TRPC received funding to develop and implement low-cost, high-value strategies to improve I-5 travel as fast as possible. This site provides background on the efforts leading up to this work, and a record of that work as it progresses.
What has Been Done to Date
Over the last few years, highway investment studies and growth coordination plans have concluded that changes to the interstate system are needed to meet current and future mobility needs.
Joint Base Lewis-McChord Growth Coordination Plan (City of Lakewood, 2010)
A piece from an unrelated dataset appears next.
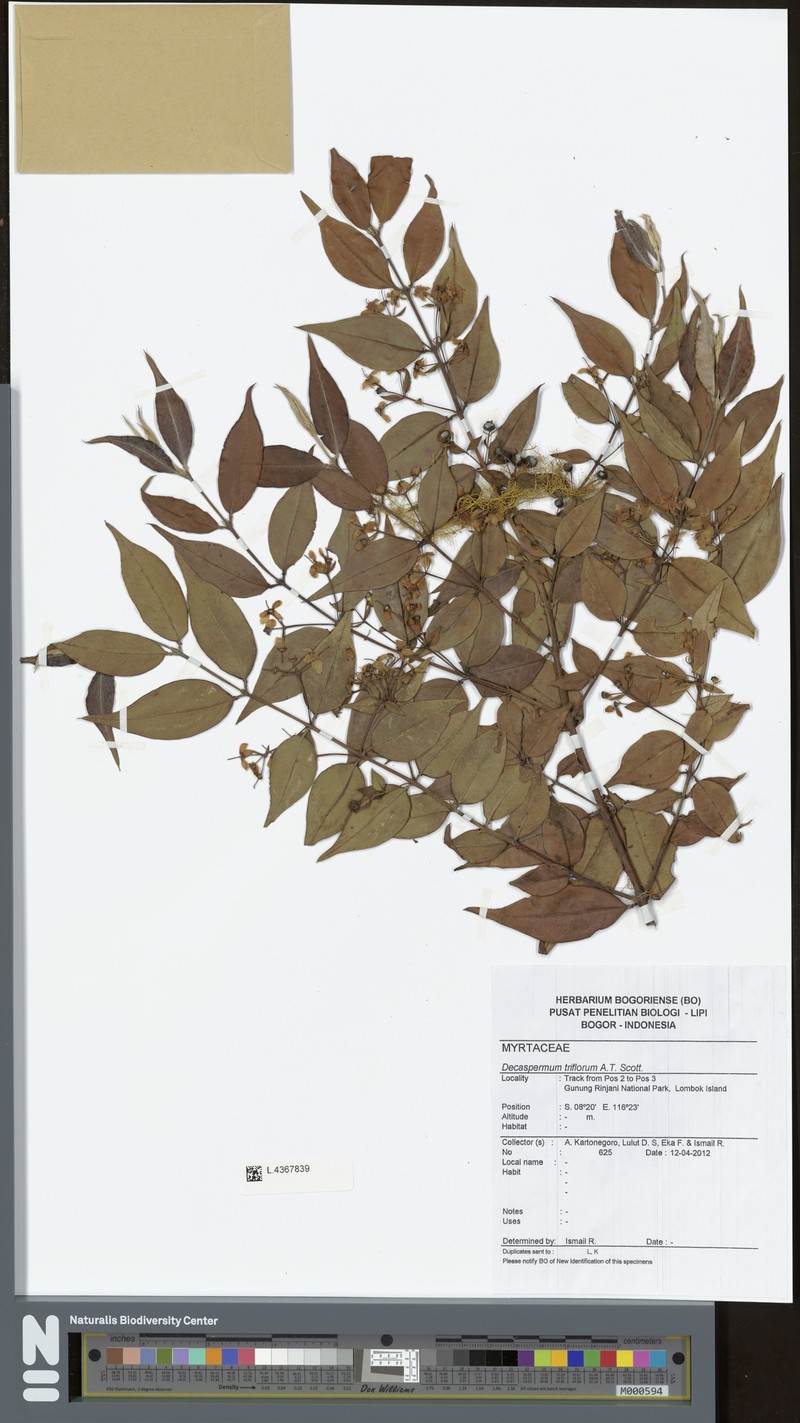 Decaspermum triflorum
Recommendations in those plans include reconstructing Interstate 5 to add high-occupancy vehicle and general capacity travel lanes, rebuilding various interchanges, and constructing the Cross Base Highway, in addition to many transportation projects on-base. Implicit in these recommendations is reconstructing the Burlington Northern Santa Fe mainline that crosses over I-5 immediately south of Joint Base Lewis-McChord, and replacing the 2 bridges that cross the Nisqually River at the Thurston / Pierce County line. These projects will cost well over a billion dollars and take years to accomplish. No Popular Choices
Choices associated with converting general purpose lanes to carpool-only lanes during peak periods, or introducing tolls or variable speed limits are not popular. Then again, neither is congestion, unreliable travel time, or increased gas taxes to pay for a $1 to $2 billion project. There are no painless, popular choices to improve Interstate 5 mobility, but to do nothing in the face of growing congestion is irresponsible. This project will explain why different measures are selected, the intended benefits, and the costs to implement.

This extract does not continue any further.